È infatti saltato l’intervento che inizialmente doveva essere confermato
nel decreto IMU, con il Governo che ha fatto dietro front anche sul
ripristino dell’IRPEF per gli immobili sfitti, ovvero sulla misura che
faceva figurare al 50% la rendita catastale di seconde case e immobili
non locati nel reddito imponibile. Due interventi correlati tra loro
perché l’uno, l’imponibilità delle rendite catastali il cui gettito
stimato era di 1,6 miliardi di euro, avrebbe dovuto compensare l’altro,
la deducibilità IMU per capannoni e immobili strumentali.
A
tranquillizzare imprenditori e professionisti il sottosegretario
all’Economia, Pier Paolo Baretta: la deducibilità dell’IMU per gli
immobili strumentali «è un elemento che costituisce l’equilibrio
complessivo dell’accordo sull’IMU e, al massimo con la Legge di
Stabilità, bisognerà renderla operativa. La deducibilità sui capannoni è
un impegno solenne preso con le imprese e bisogna onorarlo». Si tratta
di una soluzione, quella della deducibilità al 50% a fini IRES ed IRPEF,
che già lasciava l’amaro in bocca ad imprese e professionisti che
chiedevano a gran voce anche la deducibilità IRAP e che ora rischia di
venire meno. In generale, lo ricordiamo, l’IMU sugli immobili
strumentali incide per il 40% sul totale versato, quasi 10 miliardi di
euro.
L’unico intervento attualmente in vigore a favore delle
imprese riguarda il settore dell’edilizia, tra i più colpiti dalla crisi
economica, e gli immobili invenduti, per i quali l’IMU è stata abolita.
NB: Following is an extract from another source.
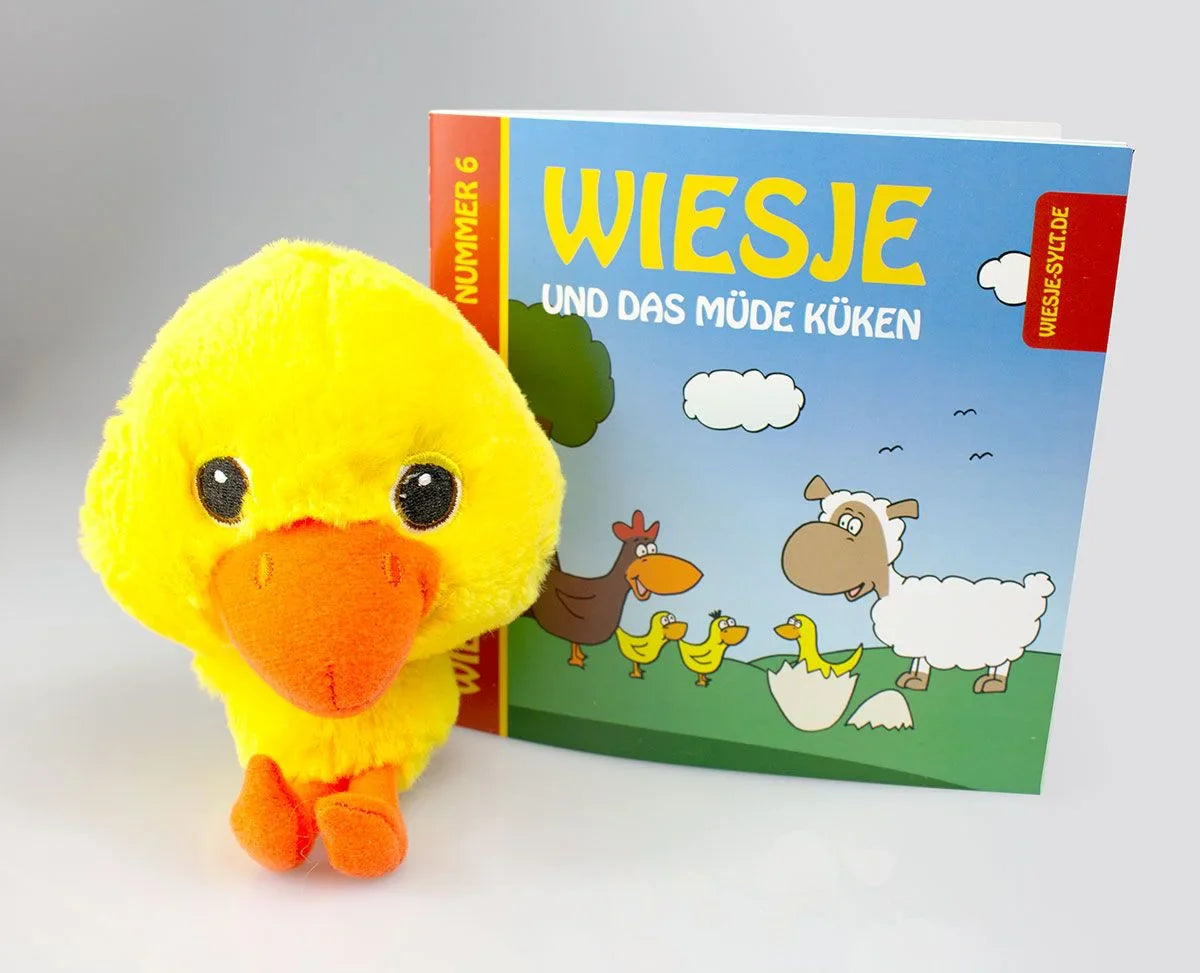 Wiesje und das müde Küken + Küken Leefke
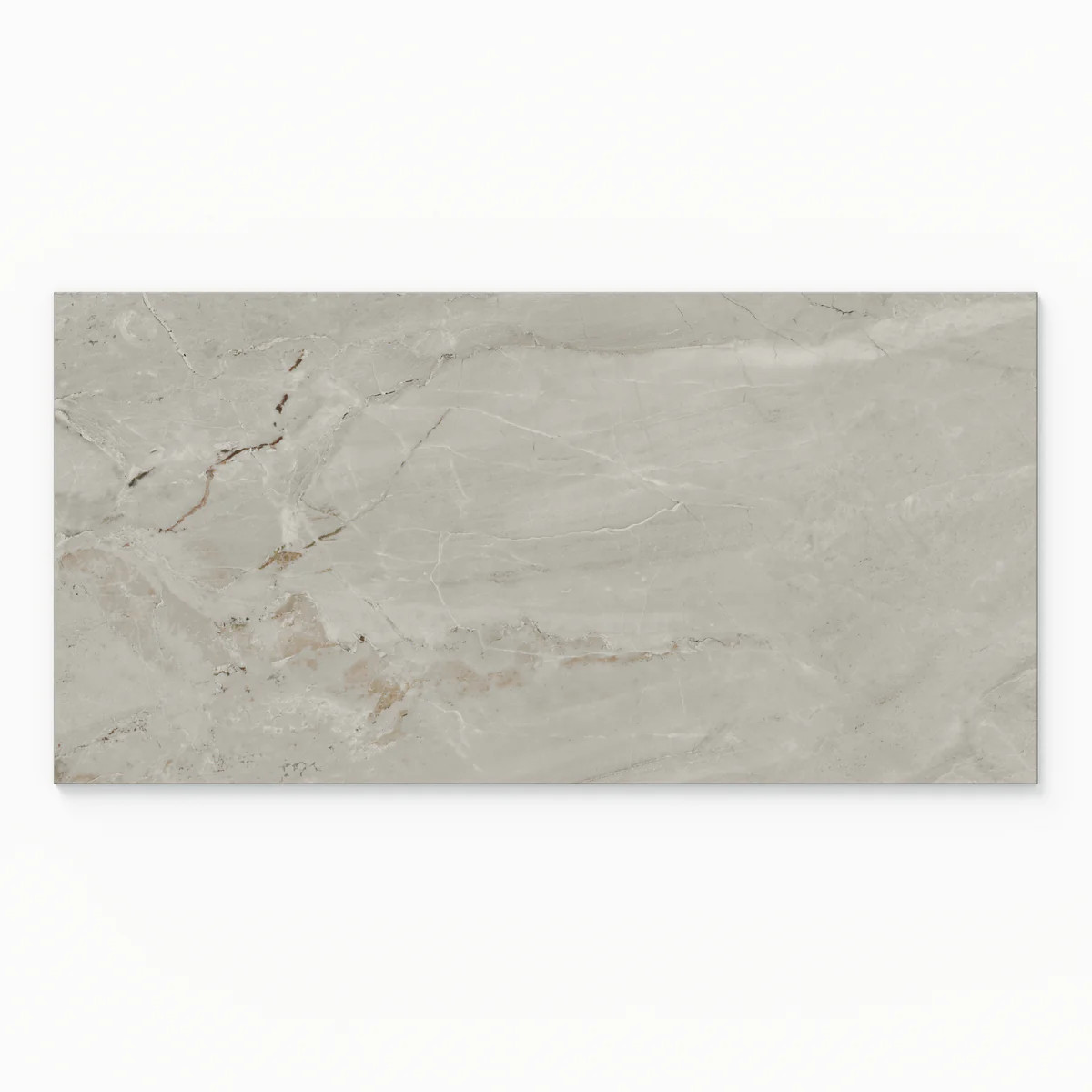 Blair 24x48 Polished Porcelain Tile in Oniciata Beige | Edward Martin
Per la CNA, tuttavia, la cancellazione dell’IMU sugli immobili
invenduti sarebbe un semplice palliativo per le imprese, mentre sugli
artigiani stanno per abbattersi macigni quali l’aumento dell’IVA e la
nuova service tax (TASER), oltre alla TARES che per quest’anno resta in
vigore. Mettere in stand by le imprese, in attesa per la possibile
deducibilità IMU, secondo la CNA, confermerebbe il trend di questo
Governo che sottovaluterebbe la crisi e continuerebbe a «somministrare
un leggero calmante ad un malato in pericolo di vita». La CNA ricorda
che ben il 63% delle imprese ha chiesto finanziamenti per riuscire a
fare fronte alle ultime scadenze fiscali e sottolinea come la riduzione
del cuneo fiscale sulle imprese debba diventare una priorità per il
Governo, per garantire la sopravvivenza del tessuto produttivo del
Paese. Proprio per questo la CNA assicura che continuerà a battersi per
evitare l’aumento dell’IVA che rischia concretamente di affossare i
consumi. Invece di andare ulteriormente a penalizzare famiglie e
imprese, il Governo e le Amministrazioni locali dovrebbero ridurre le
imposte sul tessuto economico (IVA compresa, per rilanciare il mercato)
senza tentare di riproporle sotto mentite spoglie.